Kiss of Snow

“No.”


“In that case, we’ll meet again in a week’s time.”

It was only after Vasquez left that Henry brought up another file. It was his investment portfolio, and once again, it was in worse shape than warranted. He didn’t have to be an expert to realize whose hand lay behind the slow, untraceable strangulation of his finances—Nikita Duncan was a master at manipulating money. However, while her actions were certainly problematic, the losses were nowhere near enough to stop him. He’d take San Francisco soon enough, obliterating the base of her empire.

As for the changelings . . . they could not be allowed to live, not after their constant and continuing defiance. They believed themselves immune to the Council’s reach to the extent that they’d encouraged the conception of a hybrid with changeling blood, a fetus that if it came to term, would result in the dilution of the psychic abilities that made the Psy race the most powerful on the planet.

Henry wouldn’t permit it.

It was time the world went back to the way it had been for over a century, the way it should be, with the purest of Psy in power, and the other two races allowed to exist only so long as they followed Psy rule. When people thought of SnowDancer and DarkRiver, Henry wanted them to see the blood-soaked cost of noncompliance.





Chapter 4


THREE DAYS AFTER the situation with Maria and Sienna, Hawke found himself looking down at a small, big-eyed face. Going down on his haunches to meet that wildly curious gaze, he said, “Looking serious, Ben.”

The five-and-half-year-old, who happened to be one of Hawke’s favorite people in the den, nodded. “Didja really put Sinna in jail?”

Hawke bit the inside of his cheek. “Yep.”

Brown eyes the same dark shade as Ben’s mother’s, turned wolf-amber in shock. “How come?”

“She didn’t follow the rules.”

Ben thought about it for a second, lines wrinkling up that baby-smooth forehead. “Is it like time-out for grown-ups?”

“Yep.”

“Oh.” A decisive nod. “I’ll tell Marlee.”

“Is Marlee sad?” The girl was Sienna’s cousin and part of his pack—Hawke wouldn’t allow her to be hurt.

Ben shook his head. “Her dad said that Sinna had been naughty and that’s why she got put in jail, but Marlee said you wouldn’t put Sinna in jail and that Sinna was probably just grumpy and didn’t want to talk to anyone.”

Having—somehow—followed all that, Hawke rose to his feet and tousled Ben’s dark hair, the little boy’s head warm under his touch. “She’ll be out in a few days.” And working in the nursery. The work itself, he knew, wouldn’t be a chore for her. She was a natural protector, and like any protector, wolf or not, she enjoyed watching over the pups. They, in turn, felt utterly safe with her.

So no, it would be no hardship for her to work in the nursery. It was the fact that she’d been taken off the duties befitting and expected of her rank that was the punishment—a public indication that he didn’t have trust in her ability to do the job. The blow would strike hard at the pride she wore like armor, but his wolf had no doubts about her steel spine, her iron will. Sienna wouldn’t allow anything to crush her, especially not Hawke. On principle.

The thought made his wolf bare its canines in a feral grin. “Go on home, Benny.”

The pup fell into step beside him instead, those short legs pumping as he ran to keep up. “Where’re you going?”

“Out.”

“Can I come?”

“No.”

“How come?”

Leaning down, Hawke picked Ben up under one arm like a football. “Because you’re too short.”

Ben giggled and pretended to swim. “I’m taller than I was last week.”

“Who says?”

“Mama.”

Hawke’s lips curved at the sheer love in that single word. “I guess it must be true, then.

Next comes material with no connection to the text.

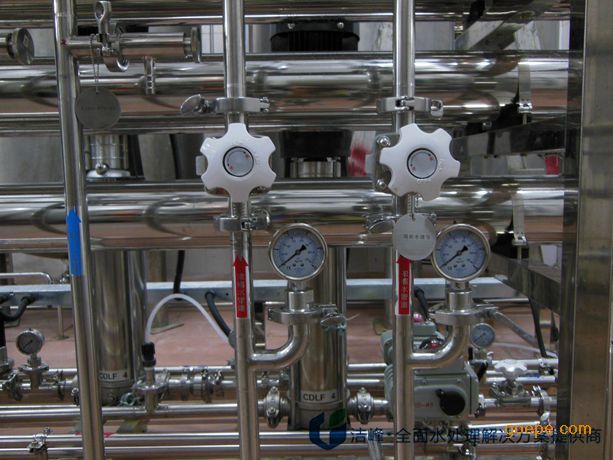 深圳净化水设备,深圳净化水设备哪家好?深圳净化水设备哪家实惠?深圳净化水设备哪家专业?深圳净化水设备哪家便宜?深圳净化水设备厂家,深圳净化水设备价格,深圳净化水设备报价,标准化深圳净化水设备制造商—深圳市洁峰环保设备有限公司。直饮水是指通过设备对源水进行深度净化,达到人体能直接饮用的水。目前直饮水设备主要指通过与前 置预处理配套使用,终端结合杀菌微滤装置,能有效地去除水中的带电离子、无机物、胶体微粒、细菌 及有机物质等,过滤后再运用反渗透膜技术除盐,加上灭菌装置后使出水水质达到国家饮用水标准后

But you’re still too short.”

A huge sigh. “When am I going to be tall enough?”

“Before you know it.” Placing Ben down in front of the door that led to the White Zone, the safe play area for the kids, Hawke nudged him forward. “Go kick a ball around. It’ll make you grow.”

“Really?”

“Uh-huh.”

Ben ran over to a clearing in the left section of the White Zone, to join in a game already in progress, one being watched over by an off-duty dominant who’d come to hang with the little ones. Half the pups were in human form, the other half wolf. Clearly this was changeling-rules football, which included judicious nipping to make those in human form drop the ball.

Normally, the sight of a wolf streaking away with a football in his mouth as his friends tried to bite down on his tail would’ve made Hawke laugh, join in. Today, his skin was too tight over his body, his own wolf edgy. Turning away, he headed into the hush of the forest, intending to work off the tension with some hard physical exercise. He hadn’t made it more than a hundred meters beyond the White Zone when he froze.